Spring 2024 Edition @ UCF
This project is maintained by AMSUCF
For this exercise you’ll be performing an analysis of text with Voyant, a web-based digital humanities tool that can work with a wide range of textual data sources directly. After you’ve found something interesting in the analysis, take your findings into an alternative visualization using any making method that feels appropriate to you – GIF, comic, illustration, Twine, etc. As you work with Voyant and visualize the results, keep in mind:
Explore the possibilities of Voyant itself. Try the different built-in tools for visualization and textual exploration detailed below and think about this linkage, and particularly how the act of making text visual is in dialogue with our larger conversations around image-text as well as other tools for visualization we’ve considered.
Explore meaning at scale. Working with a small set of texts won’t really allow you to see compelling patterns easily: this type of exploration works best with very large datasets. Look at examples that build across novels, like the compelling work of the Datasitter’s Club visualizing all the Babysitter’s Club books across the years
Think about visualization as interpretation You can work in any materiality or format that makes sense for the visualization, from textile to comic and beyond. Document your visualization through photos, screenshots, or sharing the interactive work as appropriate to the form. It’s ok for this visualization to be rough or to use speculative data at this stage.
As with our other exercises, make sure to include both a link to any digital elements as well as documentation of the process and your results from Voyant. For the experimental or material visualization, this might include sketches or iterations of your design.
Voyant offers an ease of use in the browser that makes it fast to get started. Once you’ve loaded the tool itself, there are many options to bring in texts to analyze, including pasting the URL of the text to be analyzed or upload it. Voyant produces word clouds, word frequencies, and more simple visualizations without the need to download any additional software, with the exceptions for websites that aren’t formatted initially in a way that Voyant can “read,” which might be better scraped first.
After you upload a corpus to analyze, Voyant displays five panels of information. You will now see a top row consisting of three images: a word cloud under “Cirrus,” a list of phrases under “Reader,” and a chart of relative frequencies under “Trends.” Beneath this, are two additional informational panels: “Summary” which displays the total number of documents, words, and unique word forms in the corpus as well as other length and term metrics; and “Contexts” which displays a column of the most frequent terms (for the Shakespeare corpora, the term displayed initially is “shall”) and three to five words that appear before and after that word within the texts.

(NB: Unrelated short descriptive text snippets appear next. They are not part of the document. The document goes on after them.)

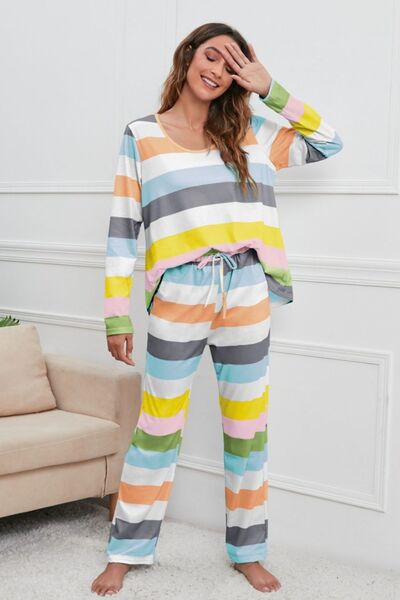 Striped Top and Drawstring Pants Lounge Set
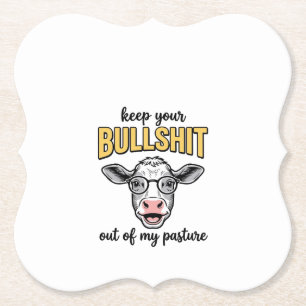 Funny Cow Pasture Vintage Shirt Design_1 Paper Coaster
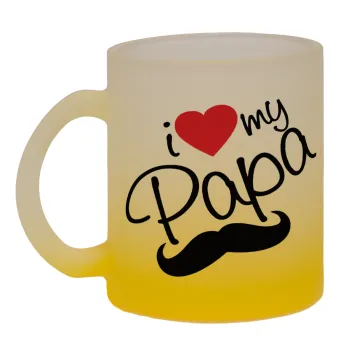 I Love my papa, Κούπα γυάλινη δίχρωμη με βάση το κίτρινο ματ, 330ml
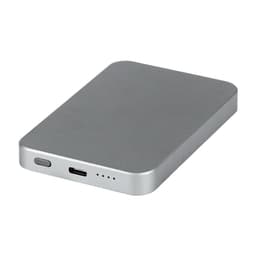 A silver power bank with a semi-solid state battery, featuring USB ports and an indicator light.
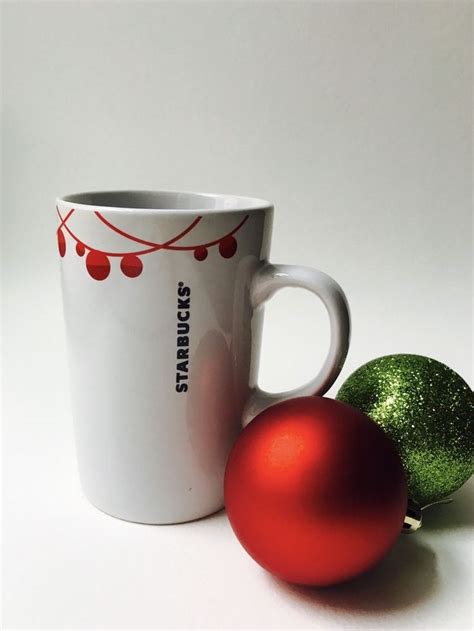 Starbucks 2012 Christmas Mug White with Strands of Small Red Ornaments ...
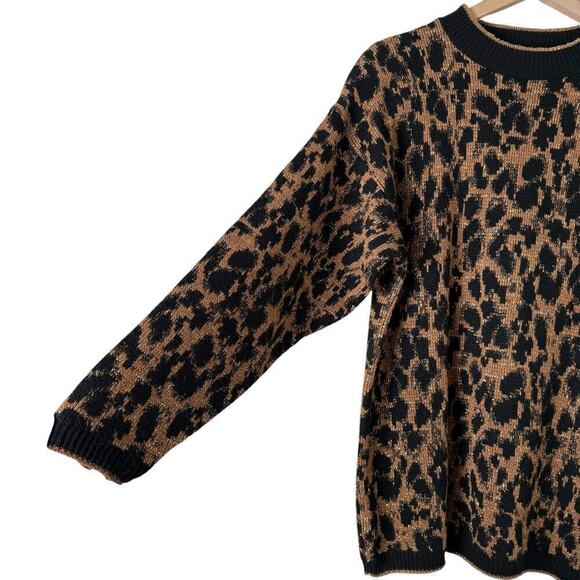 Vintage 80s Crewneck Leopard Pullover Knit Sweater Black Brown Metallic Gold, L - Picture 8 of 11
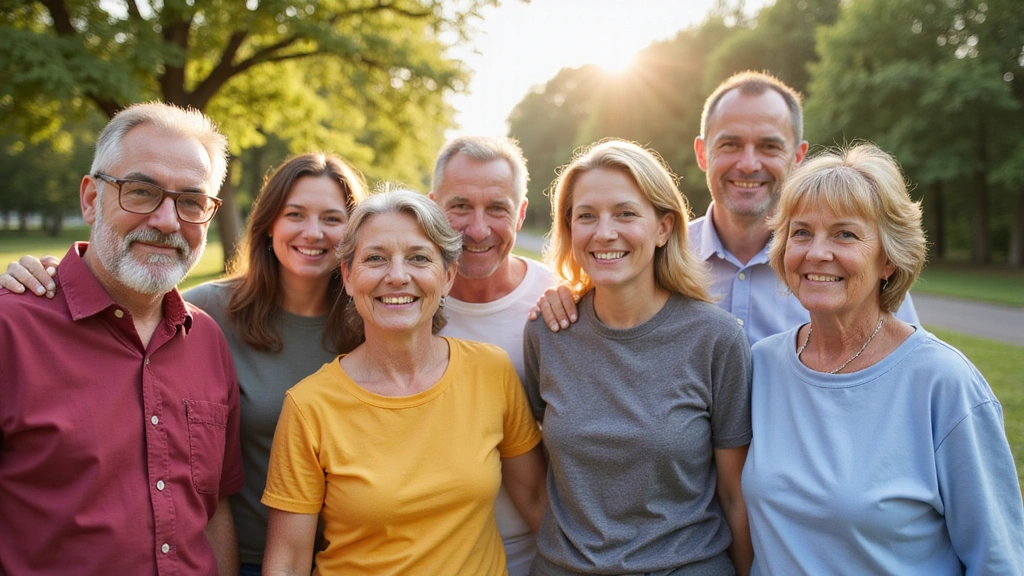 Un gruppo di persone sorridenti e in salute che celebrano il loro benessere, rappresentando storie di successo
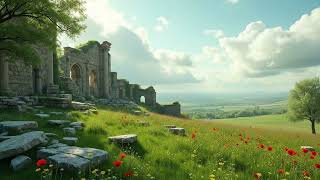 Deep Focus 3-Hour Ambient Loop | Peaceful Ancient Hillside &amp; Coquelicots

From this starting point, you can further investigate their corpora by selecting other options in the tool. In the word cloud under “Cirrus,” Voyant automatically applies a list of stopwords, or words to exclude from the word cloud, these can be edited by hovering over the blue question mark next to “Links,” and clicking the blue slider symbol. This brings up editing options for the stopwords (words to exclude), white list (words to never exclude), categories, font family, and palette. Clicking “edit list” beside any of these, the user can add or remove from the list. Color palette and font options are of course more limited. The use of stopwords and the ability to edit the list is immensely useful; the researcher can remove obvious key words for a closer inspection of less obvious frequently used words. The way that Voyant seamlessly integrates the editing, as well is much more user-friendly than some other text analysis tools like Orange, which require the user to upload the entire document of stopwords.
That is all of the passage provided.